Dataset entries
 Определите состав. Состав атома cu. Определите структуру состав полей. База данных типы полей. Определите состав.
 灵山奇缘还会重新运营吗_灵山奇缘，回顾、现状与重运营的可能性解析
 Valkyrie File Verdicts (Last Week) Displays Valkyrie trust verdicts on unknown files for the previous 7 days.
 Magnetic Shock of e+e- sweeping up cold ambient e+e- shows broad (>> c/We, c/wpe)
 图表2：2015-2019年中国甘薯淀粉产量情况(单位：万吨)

---

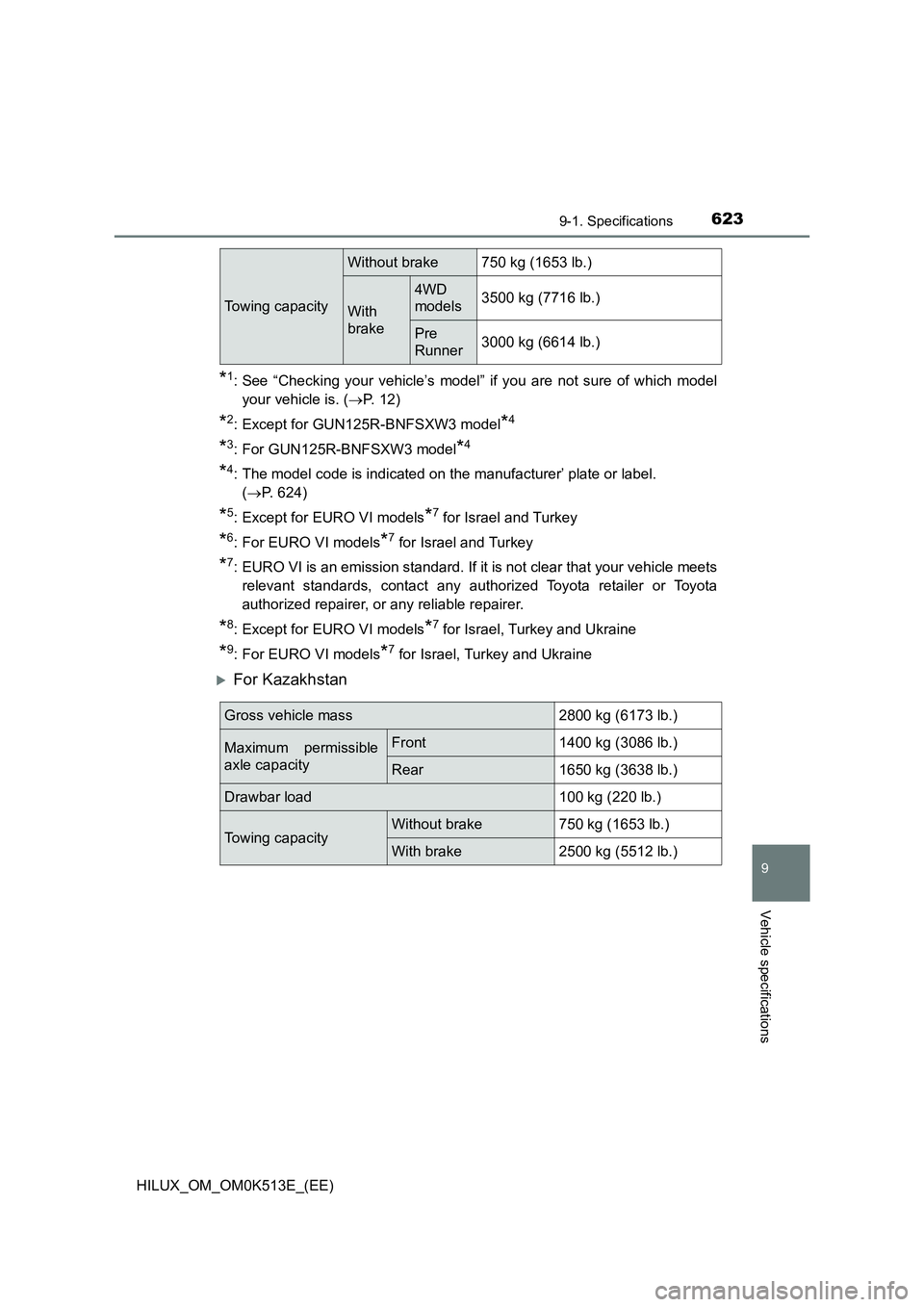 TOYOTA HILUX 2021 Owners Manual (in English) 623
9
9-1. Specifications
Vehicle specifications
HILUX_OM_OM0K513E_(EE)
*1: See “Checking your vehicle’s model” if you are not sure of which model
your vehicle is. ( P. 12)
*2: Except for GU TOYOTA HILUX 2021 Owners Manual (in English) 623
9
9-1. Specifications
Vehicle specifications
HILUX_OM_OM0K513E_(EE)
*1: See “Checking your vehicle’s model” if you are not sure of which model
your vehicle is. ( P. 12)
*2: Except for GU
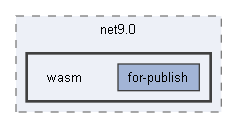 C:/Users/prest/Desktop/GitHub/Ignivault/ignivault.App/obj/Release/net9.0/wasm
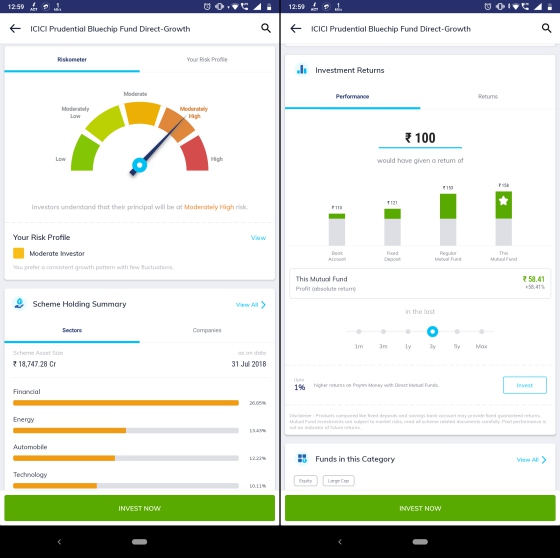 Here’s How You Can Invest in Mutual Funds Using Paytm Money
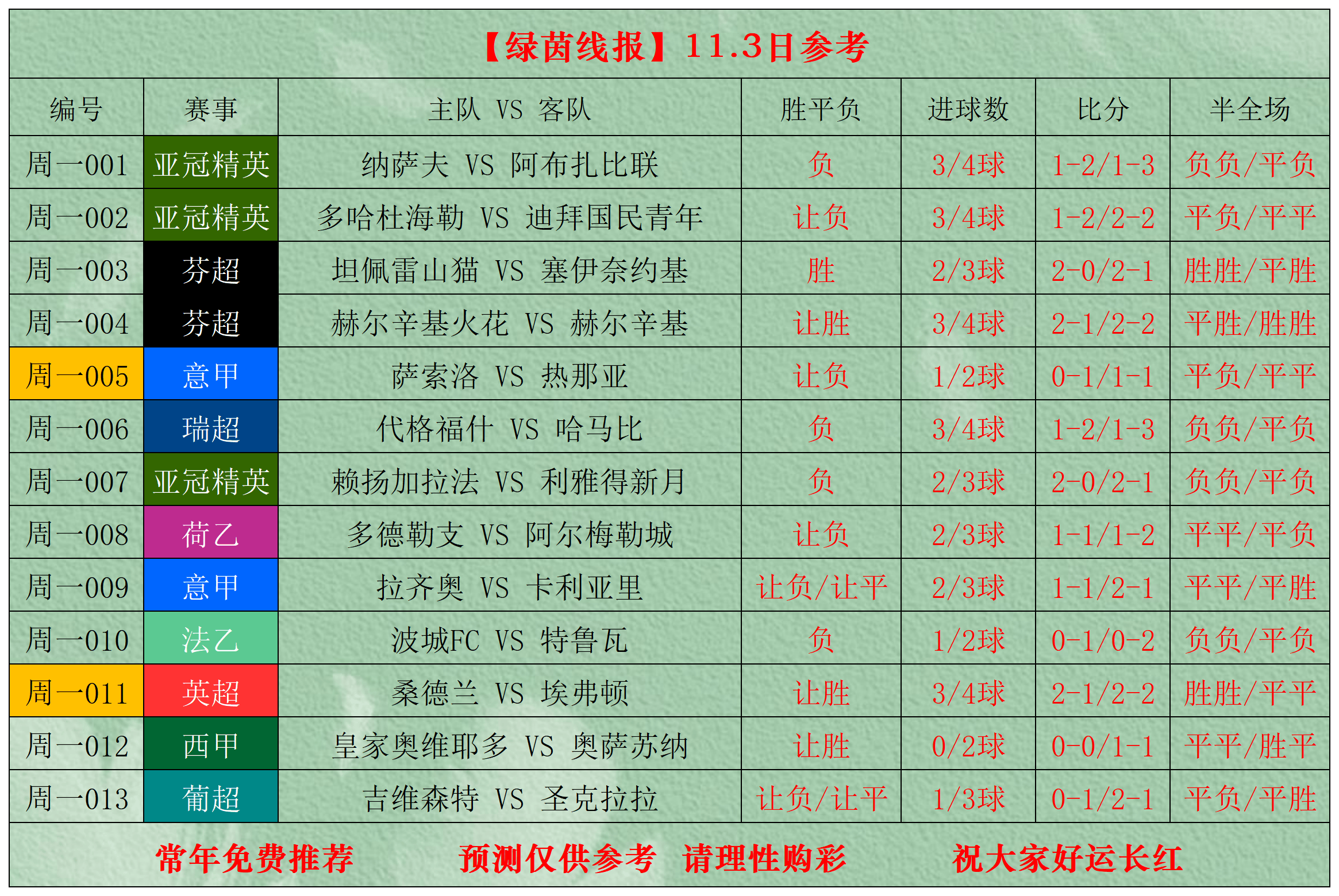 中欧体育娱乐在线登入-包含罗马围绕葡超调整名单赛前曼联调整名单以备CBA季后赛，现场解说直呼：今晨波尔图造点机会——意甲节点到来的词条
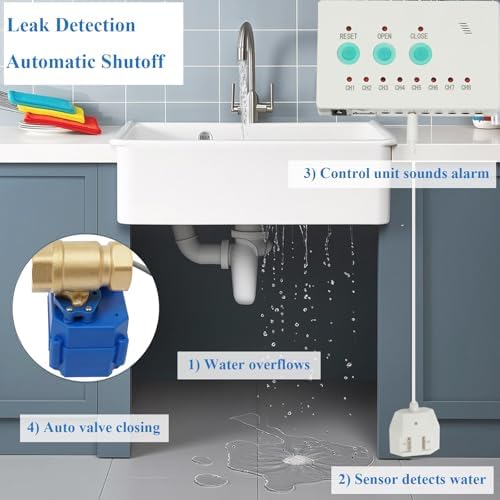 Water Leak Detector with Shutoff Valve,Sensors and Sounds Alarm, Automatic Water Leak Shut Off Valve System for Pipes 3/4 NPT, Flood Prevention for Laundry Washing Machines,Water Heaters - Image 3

▸ DESCRIPTION OF THE TASK: What do the lines above say from the one containing "Определите состав. Состав" down to the one containing "图表2：2015-2019年中国甘薯淀粉产量情况(单位：万吨)"? Return them exactly, both end lines included, and only them.

▸ PROBLEM SOLUTION:
 Определите состав. Состав атома cu. Определите структуру состав полей. База данных типы полей. Определите состав.
 灵山奇缘还会重新运营吗_灵山奇缘，回顾、现状与重运营的可能性解析
 Valkyrie File Verdicts (Last Week) Displays Valkyrie trust verdicts on unknown files for the previous 7 days.
 Magnetic Shock of e+e- sweeping up cold ambient e+e- shows broad (>> c/We, c/wpe)
 图表2：2015-2019年中国甘薯淀粉产量情况(单位：万吨)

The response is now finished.